After all processing is completed, we delete or stop resources to minimize cost expenditure.

Data Transmission Cost Minimization Network Design

In the early stages of cloud design and construction, attention must be paid to compute resources.

This is because compute resources account for the largest share of actual cloud costs, and if designed incorrectly, excessive costs can occur.

After operations begin, unexpected costs may arise, with a typical example being Internet Outbound Traffic costs.

Data can be requested from a server inside the VPC over the Internet, and a server inside the VPC can also send and receive data to the Internet.

At this time, you should note that charges are applied to data transmitted outside the VPC.

When configuring network architecture, especially when designing a multi-VPC architecture, you must be careful to minimize traffic that traverses the internet.

If you need to connect servers across multiple VPCs, it is advisable to avoid routing through the Internet and instead connect via VPC Peering (connection between two VPCs) or a Transit Gateway to set up private communication, which can be a way to optimize costs.

In addition, security of the connection between the two site networks is improved through a private connection.

Common Service Area Configuration

When operating multiple information systems based on multiple VPCs or multiple projects, there may be services that are commonly used even though each system’s functions differ.

In such cases, you can design the architecture by configuring common services as a separate domain and having each information system share and use them.

Especially, servers with commercial software installed can maximize economic efficiency by configuring them as a common service area.

For example, you can assume a case where an organization with multiple branches nationwide integrates the headquarters and branch websites into the cloud through a unified migration.

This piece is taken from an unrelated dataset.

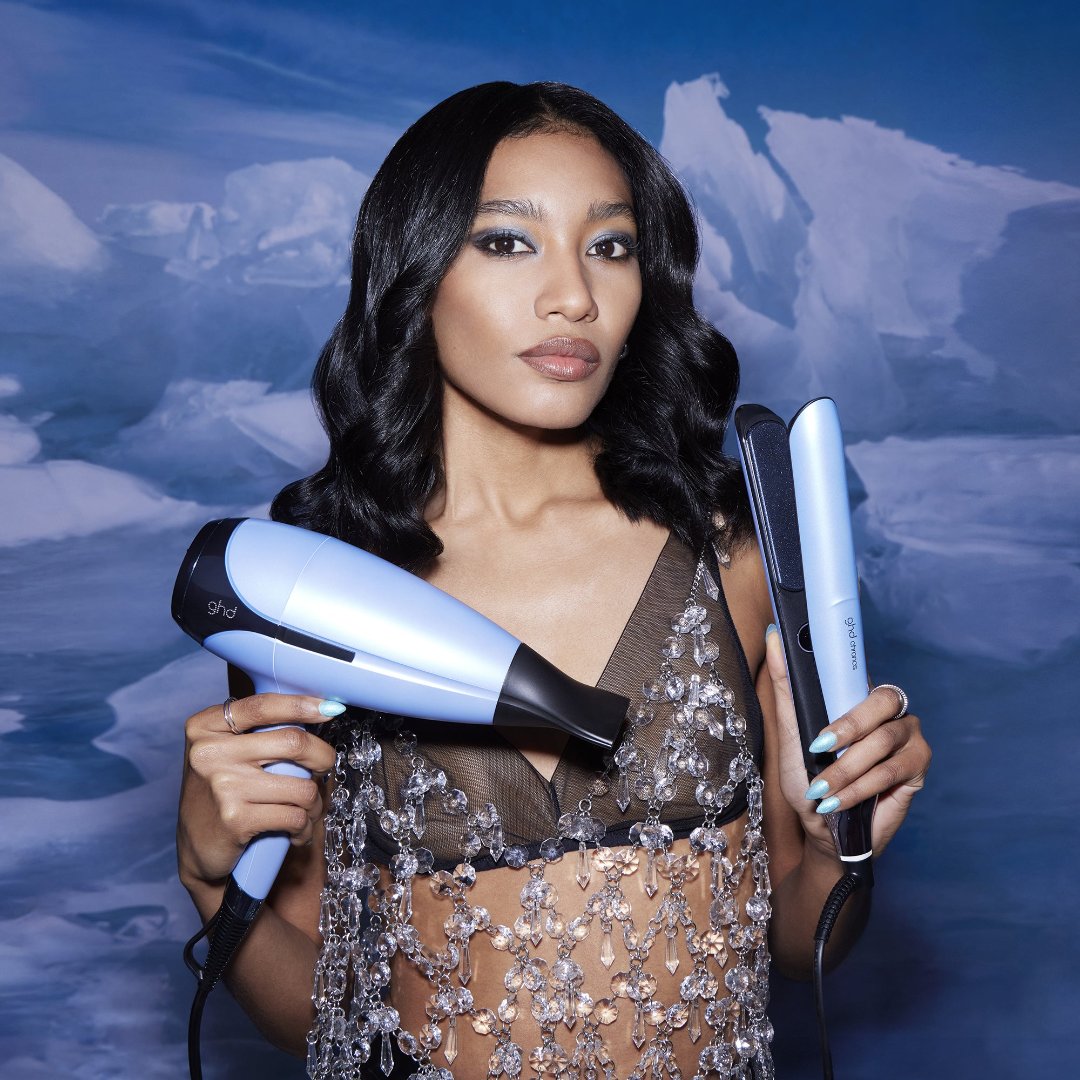 ghd Chronos & Helios Limited Edition Deluxe Icy Blue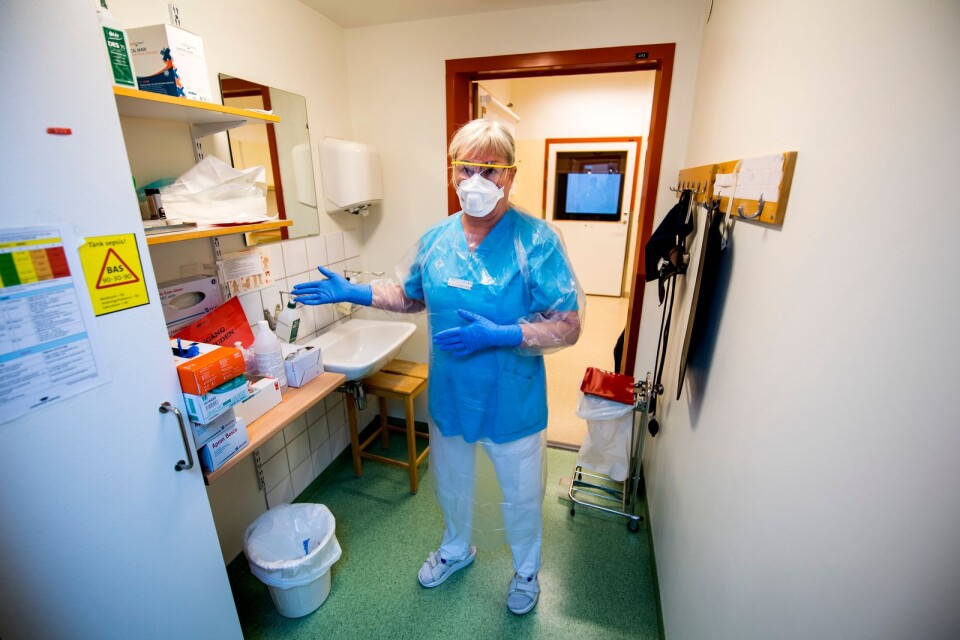 Sjuksköterskan Carina Thålin har tagit på sig skyddsutrustningen som krävs inför varje provtagning av misstänkt coronasmitta.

Each branch’s homepage server can operate independently, but by grouping the components required for web services into a common service and designing it as a shared zone, cost reduction effects can be expected.

The following diagram is an example architecture that places common services in a common VPC to reduce cloud costs.

1. Deploy the systems of the headquarters, branch A, and branch B in separate VPCs, and set up an additional VPC for common services. Headquarters and branch VPCs establish VPC peering with the common service VPC using a hub-and-spoke method.

2. By installing the commonly required software on VMs in each VPC, we reduce costs by configuring all systems to share it. In the example architecture, the video and map services used on each homepage were configured as common services.

3. Bastion Server, Logging server, etc. can be configured separately as management servers for external access or information security purposes, allowing the external touchpoints to be unified. However, this single point requires preparation against external intrusion, and since it can become a single security vulnerability, caution is required.

In projects that host multiple systems with similar workloads, using a common service-based architecture can prevent duplicate investment in resources and license costs.

Additionally, you can obtain additional advantages in terms of ease of management and architectural scalability.